As explained earlier, protamines play a crucial role in the condensation of sperm chromatin and the protection of the paternal genome from internal and external environmental insults. Altered PRM2 expression is reported among men with poor fertilizing capacity (91), and a lack of PRM2 leads to sperm DNA damage and embryo death in mice (92).
While high-throughput technologies have provided a glance at the mRNA population contained in spermatozoa, future studies should focus on the functional aspects of these RNAs in the growing embryo. The results from such studies will further strengthen the correlation between the mRNA fingerprint of sperm and embryogenesis.

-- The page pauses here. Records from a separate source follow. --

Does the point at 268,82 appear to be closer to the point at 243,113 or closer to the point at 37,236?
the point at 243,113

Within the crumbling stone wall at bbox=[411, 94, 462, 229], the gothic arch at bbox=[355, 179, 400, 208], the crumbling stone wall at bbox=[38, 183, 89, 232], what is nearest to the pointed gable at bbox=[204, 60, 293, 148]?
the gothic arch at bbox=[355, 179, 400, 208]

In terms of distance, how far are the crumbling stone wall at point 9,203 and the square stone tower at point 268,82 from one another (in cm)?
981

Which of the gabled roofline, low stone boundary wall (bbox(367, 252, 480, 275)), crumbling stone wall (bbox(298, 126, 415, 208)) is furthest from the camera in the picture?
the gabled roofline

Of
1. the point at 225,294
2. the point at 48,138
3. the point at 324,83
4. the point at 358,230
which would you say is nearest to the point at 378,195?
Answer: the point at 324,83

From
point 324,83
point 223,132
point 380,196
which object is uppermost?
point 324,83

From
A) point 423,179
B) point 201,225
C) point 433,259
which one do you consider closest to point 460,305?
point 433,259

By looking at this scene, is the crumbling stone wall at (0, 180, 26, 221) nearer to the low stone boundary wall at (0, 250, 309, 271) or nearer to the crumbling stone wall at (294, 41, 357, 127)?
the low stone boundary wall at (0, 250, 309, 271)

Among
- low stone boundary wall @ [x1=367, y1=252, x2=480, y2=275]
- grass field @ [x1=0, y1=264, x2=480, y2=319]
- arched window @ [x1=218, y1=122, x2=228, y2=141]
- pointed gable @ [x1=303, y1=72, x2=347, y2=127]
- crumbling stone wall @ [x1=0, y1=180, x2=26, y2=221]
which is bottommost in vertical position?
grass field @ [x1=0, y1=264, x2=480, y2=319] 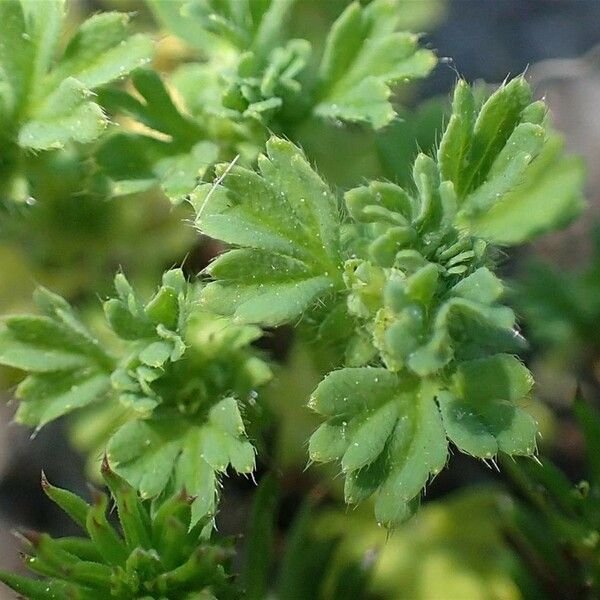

Telomeres are evolutionarily conserved tandem hexameric repeats at the ends of chromosomes that maintain genomic integrity and chromosome stability. Telomeres serve as a biological clock and undergo attrition at a rate of 50-200 bp per cell division. The telomeres in germ cells are 10-20 kb in length, compared with 5-10 kb in somatic cells. The inheritance of telomere length in the embryo is a complex trait codetermined by the length of the telomeres in the sperm and ovum, the age of the father, free radical levels and gender. Tandem telomere repeats are rich in guanine, the nucleotide with the lowest oxidative potential and, thus, the most susceptibility to oxidative damage. We have previously shown high levels of free radicals to be associated with DNA damage in the semen and sperm, as well as shorter telomeres in the male partner of infertile couples and couples experiencing idiopathic recurrent pregnancy loss. As telomeres are histone-bound and located in the periphery of the sperm nucleus, telomeres are highly susceptible to oxidative damage. This induces GC to TA transitions, single- and double-strand breaks and accelerated telomere shortening. Inheriting shortened telomeres from the father may thus result in impaired cleavage and embryonic development. Zalenskaya et al. reported that sperm telomeres are the first structures to respond to the oocyte signal for pronucleus formation (93), and Rodriguez and colleagues (94) later reported that shortened sperm telomeres are associated with sperm DNA fragmentation and abnormal embryonic development. Concordance in telomere length is required for synapsis, homologous recombination, and normal chromosome segregation. Sperm with shortened telomeres show segregation abnormalities and nondisjunction, thus giving rise to aneuploid sperm after meiosis. Shortened telomere can increase the incidence of offspring with major or minor congenital malformations, childhood cancers, perinatal morbidity, developmental delay, and failure to thrive. In an ongoing study in our laboratory, we have found significantly shortened telomeres in the male partners of couples experiencing idiopathic recurrent pregnancy loss. We did not find an association with high levels of reactive oxygen species in this pilot study; however, this was a very clinically significant finding, and studies are still ongoing to further validate this result.
THE SPERM EPIGENOME
Genomic imprinting is a parental, origin-specific, gene-marking phenomenon that is crucial for normal mammalian development. Imprinted genes are characterized by epigenetic modifications (95,96), including DNA methylation, and are associated with differentially methylated regions (DMRs) that are methylated on either the paternal or maternal allele. Epigenetics refers to phenotypic changes that are caused by mechanisms other than changes in the DNA sequence (thus the name epi- (above or over) genetics). The methylation of primary DMRs is presumed to be maintained throughout embryonic development, including the pre-implantation stages, during which extensive demethylation of the genome takes place. Recent studies have demonstrated that sperm have unique and potentially important epigenetic modifications.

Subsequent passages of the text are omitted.